When you reach the line below that has "Anime picture 1043x1405", start returning lines exactly, and stop after the line that has "Nuk Биберон Залъгалка"; skip the pictures.

╭─ Exercise inputs

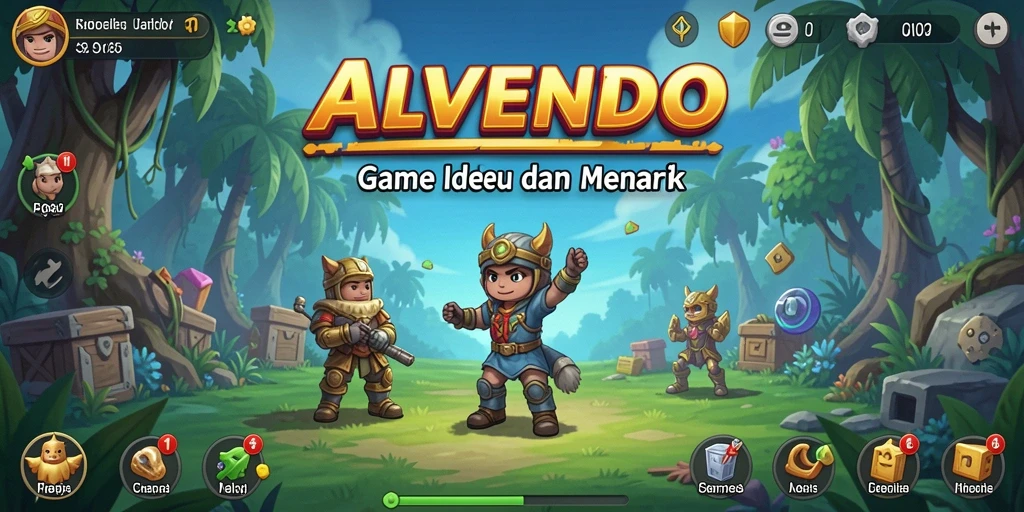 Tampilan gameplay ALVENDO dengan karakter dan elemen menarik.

╰─
╭─ Exercise inputs

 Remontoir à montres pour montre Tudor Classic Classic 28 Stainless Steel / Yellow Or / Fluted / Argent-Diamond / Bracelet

╰─
╭─ Exercise inputs

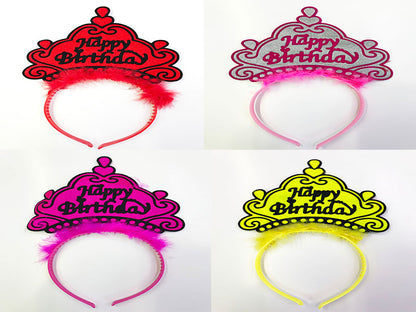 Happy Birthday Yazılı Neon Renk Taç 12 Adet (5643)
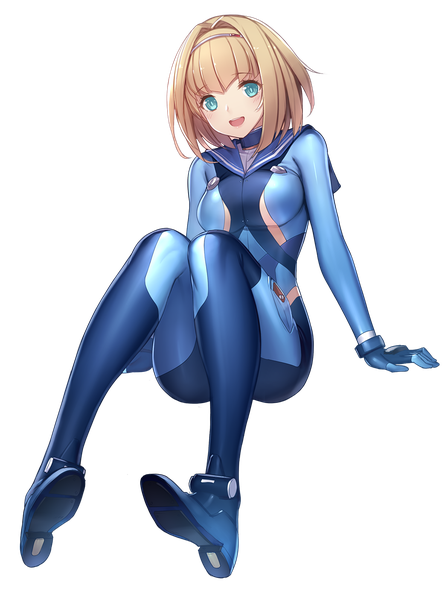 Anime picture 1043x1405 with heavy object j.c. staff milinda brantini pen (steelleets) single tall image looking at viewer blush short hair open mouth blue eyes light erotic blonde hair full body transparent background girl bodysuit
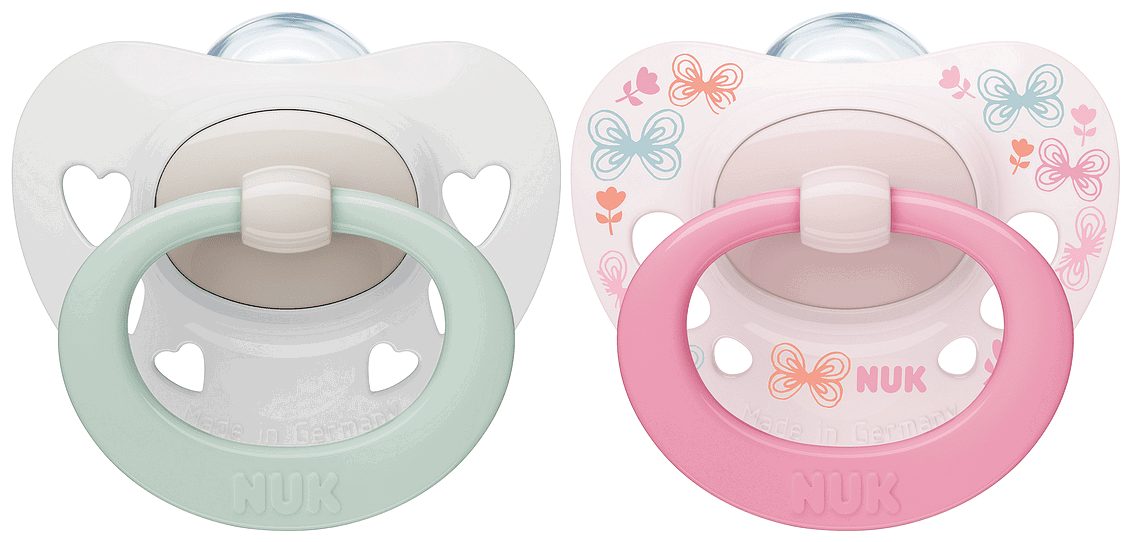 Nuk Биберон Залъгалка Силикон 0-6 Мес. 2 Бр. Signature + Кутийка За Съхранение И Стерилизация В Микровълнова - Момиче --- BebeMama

╰─

* **Final answer**
 Anime picture 1043x1405 with heavy object j.c. staff milinda brantini pen (steelleets) single tall image looking at viewer blush short hair open mouth blue eyes light erotic blonde hair full body transparent background girl bodysuit
 Nuk Биберон Залъгалка Силикон 0-6 Мес. 2 Бр. Signature + Кутийка За Съхранение И Стерилизация В Микровълнова - Момиче --- BebeMama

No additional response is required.